• EXERCISE BRIEF: In the records below, print each line exactly and leave every image out.

########################################

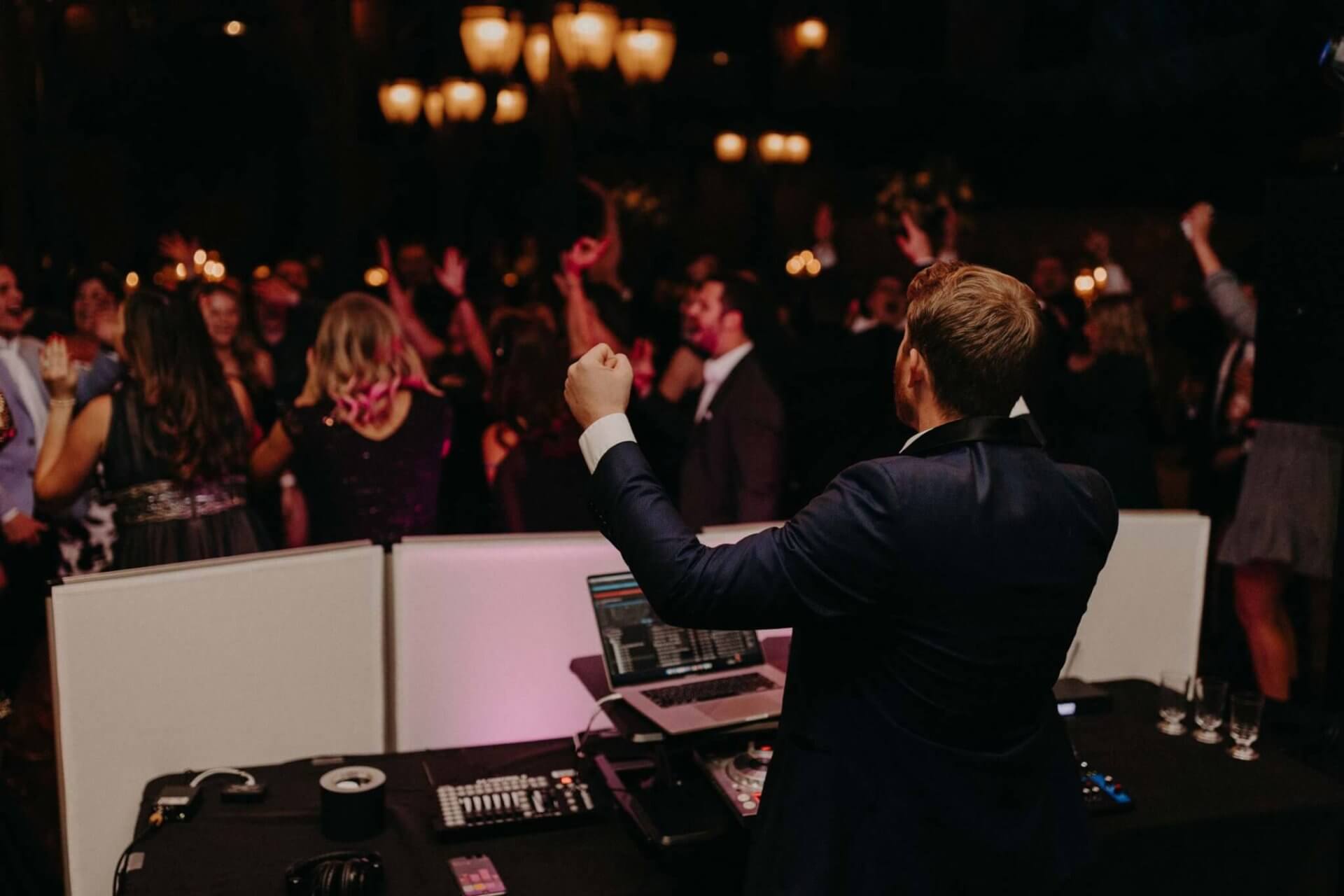 A DJ in a suit is playing music at a lively party, with guests dancing and raising their hands. The room is dimly lit with chandeliers overhead.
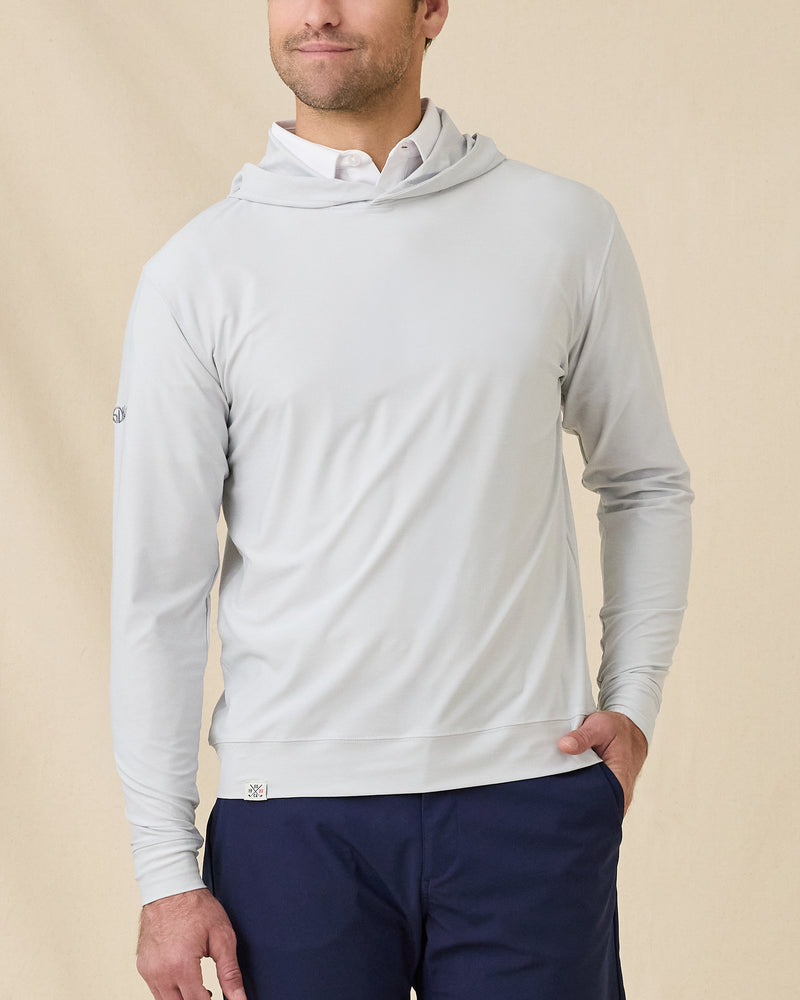 Model wearing the Hermosa Hoodie in Silver layered over a white polo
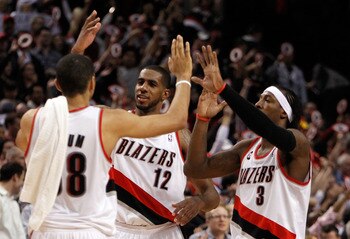 PORTLAND, OR - APRIL 21:  LaMarcus Aldridge #12, Gerald Wallace #3 and Nicolas Batum of the Portland Trail Blazers celebrates their 97-92 victory over the Dallas Mavericks in Game Three of the Western Conference Quarterfinals in the 2011 NBA Playoffs on A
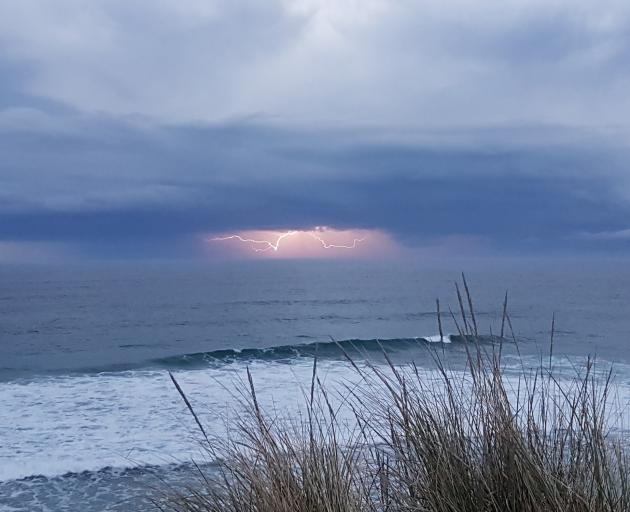 A lightning storm heads out to sea as seen from John Wilson Dr yesterday evening. Photo: Steph Aitken A lightning storm heads out to sea as seen from John Wilson Dr yesterday evening. Photo: Steph Aitken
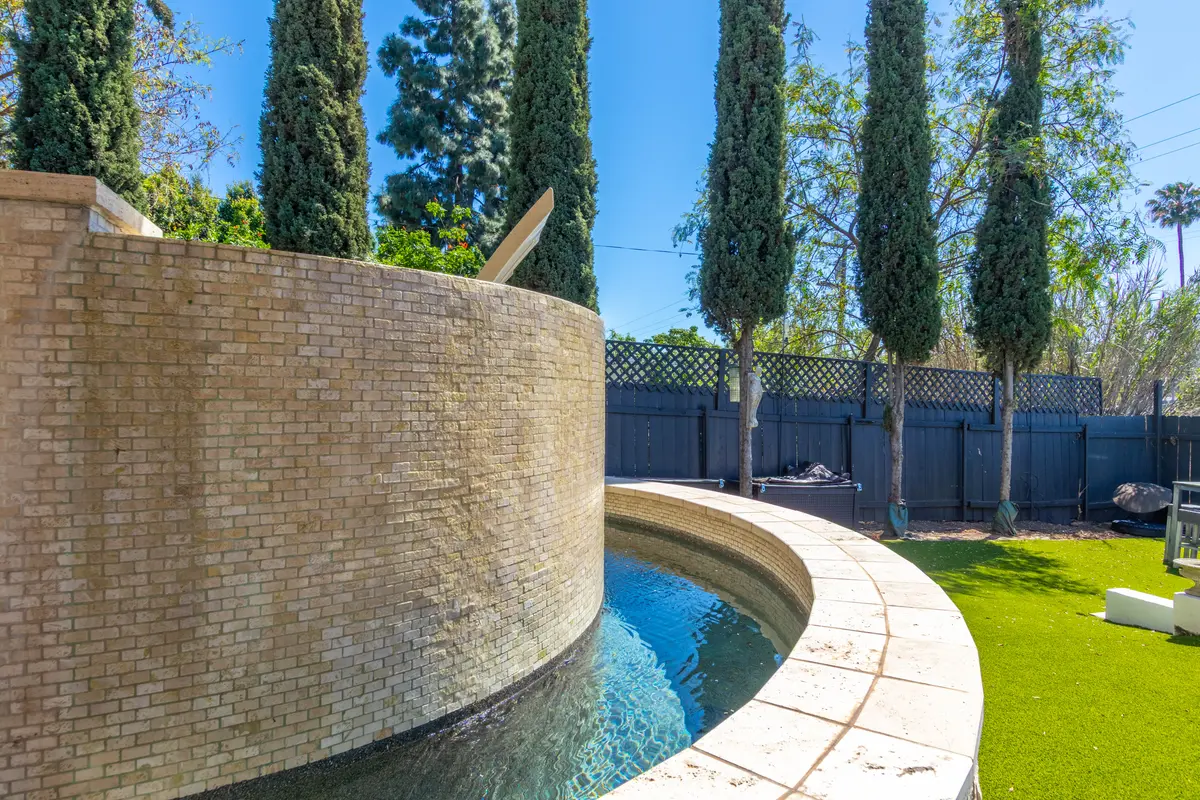 Curved stone wall wrapping a pool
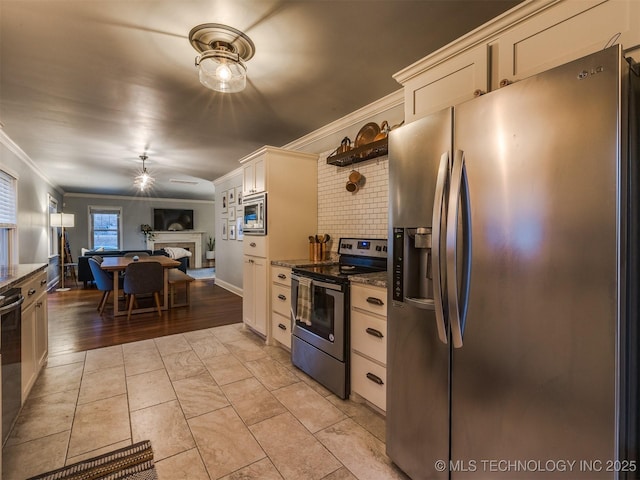 kitchen featuring tasteful backsplash, ornamental molding, appliances with stainless steel finishes, ceiling fan, and dark stone counters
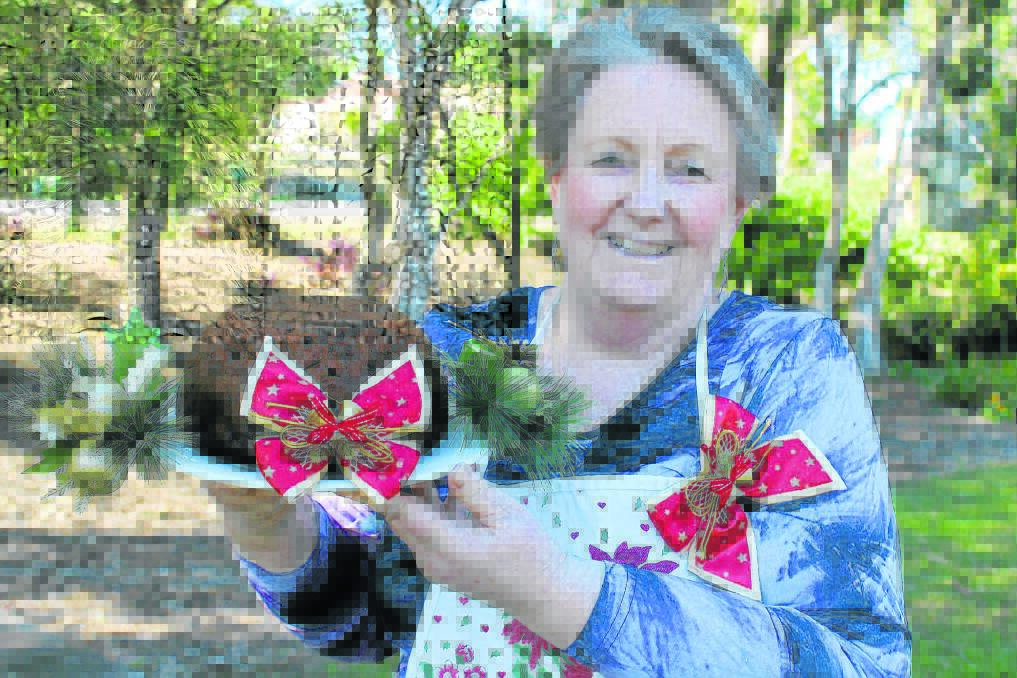 Able Australia Jimboomba Caddies volunteer Teresa Monsiegneur with a sample of the many festive delights she will make for the Christmas in July event this Saturday.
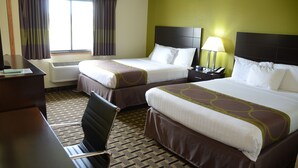 Une chambre d’hôtel avec deux lits, un bureau, une chaise, une lampe et une fenêtre avec des rideaux.
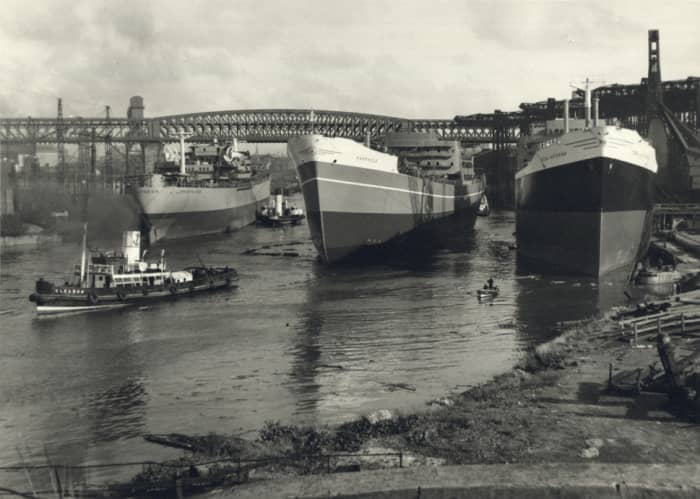 Three Sunderland-built ships await fitting-out after launch on the River Wear
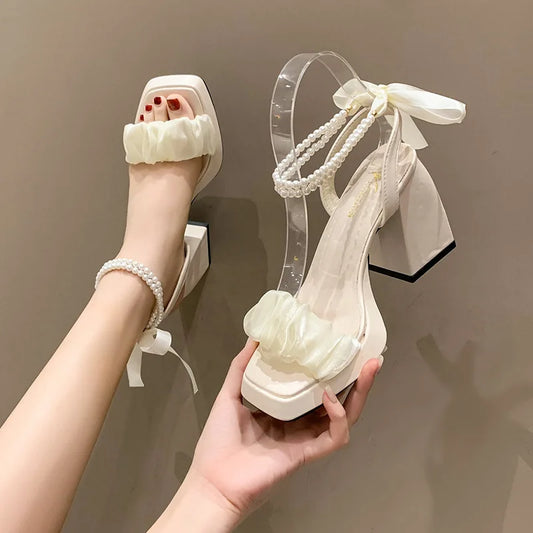 Low Block Heeled Sandals With A Pearl Ankle Strap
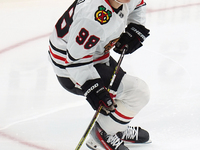 Connor Bedard #98 of the Chicago Blackhawks skates on the ice while driving forward with the puck during the NHL match against the Dallas St...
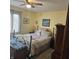 Cozy bedroom with a metal framed bed, neutral bedding, and light yellow walls at 1647 S Plateau Cir, Martinsville, IN 46151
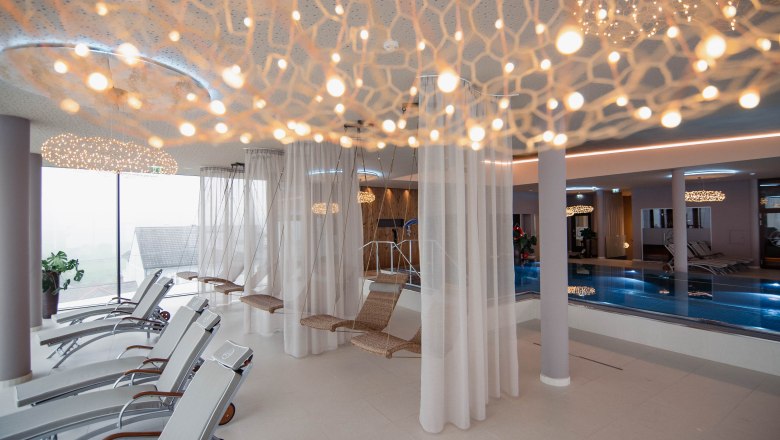 Relaxation area in the WACHAUF Spa, © Hotel Schachner_MIKU Media Modern spa relaxation area with loungers, hanging chairs and pool.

########################################

• REPLY:
 A DJ in a suit is playing music at a lively party, with guests dancing and raising their hands. The room is dimly lit with chandeliers overhead.
 Model wearing the Hermosa Hoodie in Silver layered over a white polo
 PORTLAND, OR - APRIL 21:  LaMarcus Aldridge #12, Gerald Wallace #3 and Nicolas Batum of the Portland Trail Blazers celebrates their 97-92 victory over the Dallas Mavericks in Game Three of the Western Conference Quarterfinals in the 2011 NBA Playoffs on A
 A lightning storm heads out to sea as seen from John Wilson Dr yesterday evening. Photo: Steph Aitken A lightning storm heads out to sea as seen from John Wilson Dr yesterday evening. Photo: Steph Aitken
 Curved stone wall wrapping a pool
 kitchen featuring tasteful backsplash, ornamental molding, appliances with stainless steel finishes, ceiling fan, and dark stone counters
 Able Australia Jimboomba Caddies volunteer Teresa Monsiegneur with a sample of the many festive delights she will make for the Christmas in July event this Saturday.
 Une chambre d’hôtel avec deux lits, un bureau, une chaise, une lampe et une fenêtre avec des rideaux.
 Three Sunderland-built ships await fitting-out after launch on the River Wear
 Low Block Heeled Sandals With A Pearl Ankle Strap
 Connor Bedard #98 of the Chicago Blackhawks skates on the ice while driving forward with the puck during the NHL match against the Dallas St...
 Cozy bedroom with a metal framed bed, neutral bedding, and light yellow walls at 1647 S Plateau Cir, Martinsville, IN 46151
 Relaxation area in the WACHAUF Spa, © Hotel Schachner_MIKU Media Modern spa relaxation area with loungers, hanging chairs and pool.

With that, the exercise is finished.